(Captioned web images)
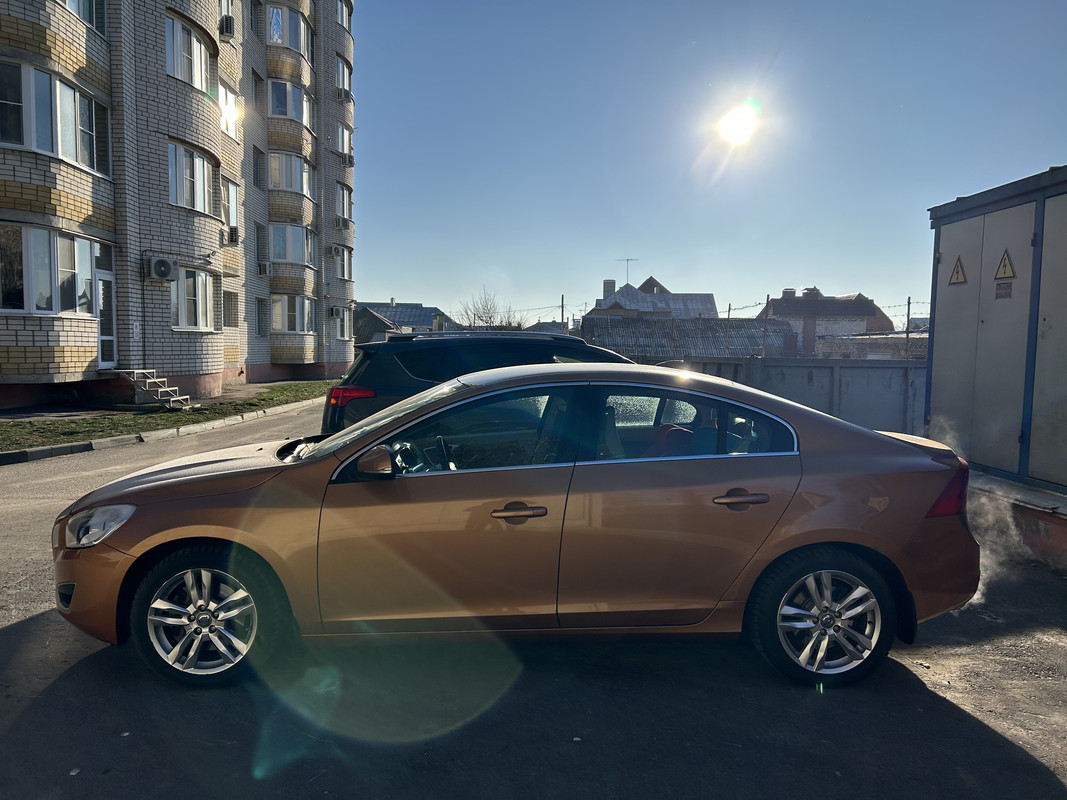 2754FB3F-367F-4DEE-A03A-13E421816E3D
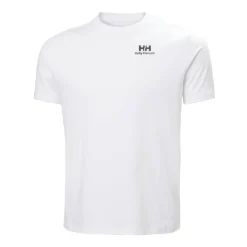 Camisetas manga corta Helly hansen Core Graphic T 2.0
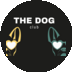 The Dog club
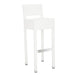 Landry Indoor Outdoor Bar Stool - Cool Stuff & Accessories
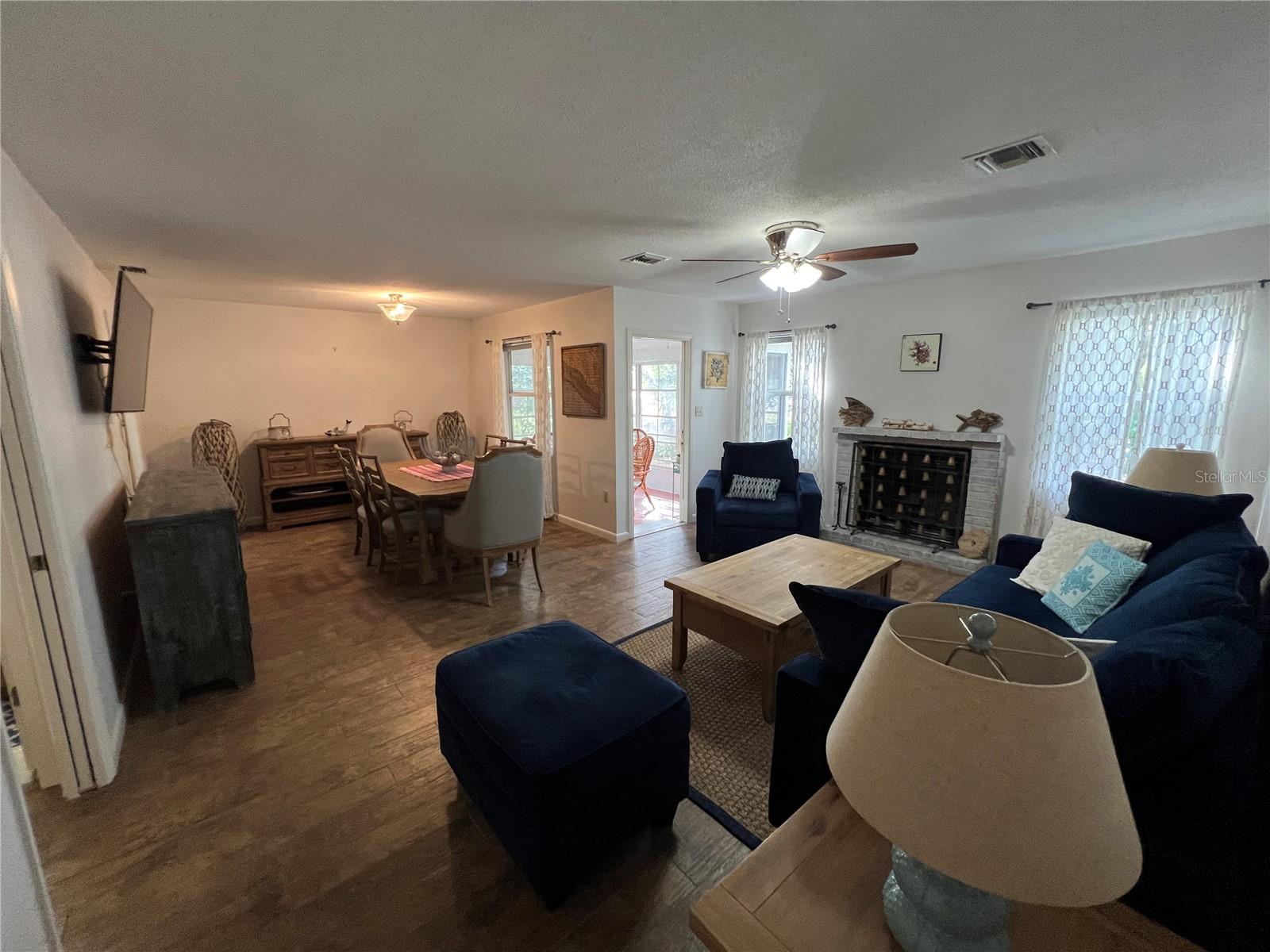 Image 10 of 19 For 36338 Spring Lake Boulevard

Your goal
Write out every record above exactly, leaving no picture in the result.

Exercise answer
 2754FB3F-367F-4DEE-A03A-13E421816E3D
 Camisetas manga corta Helly hansen Core Graphic T 2.0
 The Dog club
 Landry Indoor Outdoor Bar Stool - Cool Stuff & Accessories
 Image 10 of 19 For 36338 Spring Lake Boulevard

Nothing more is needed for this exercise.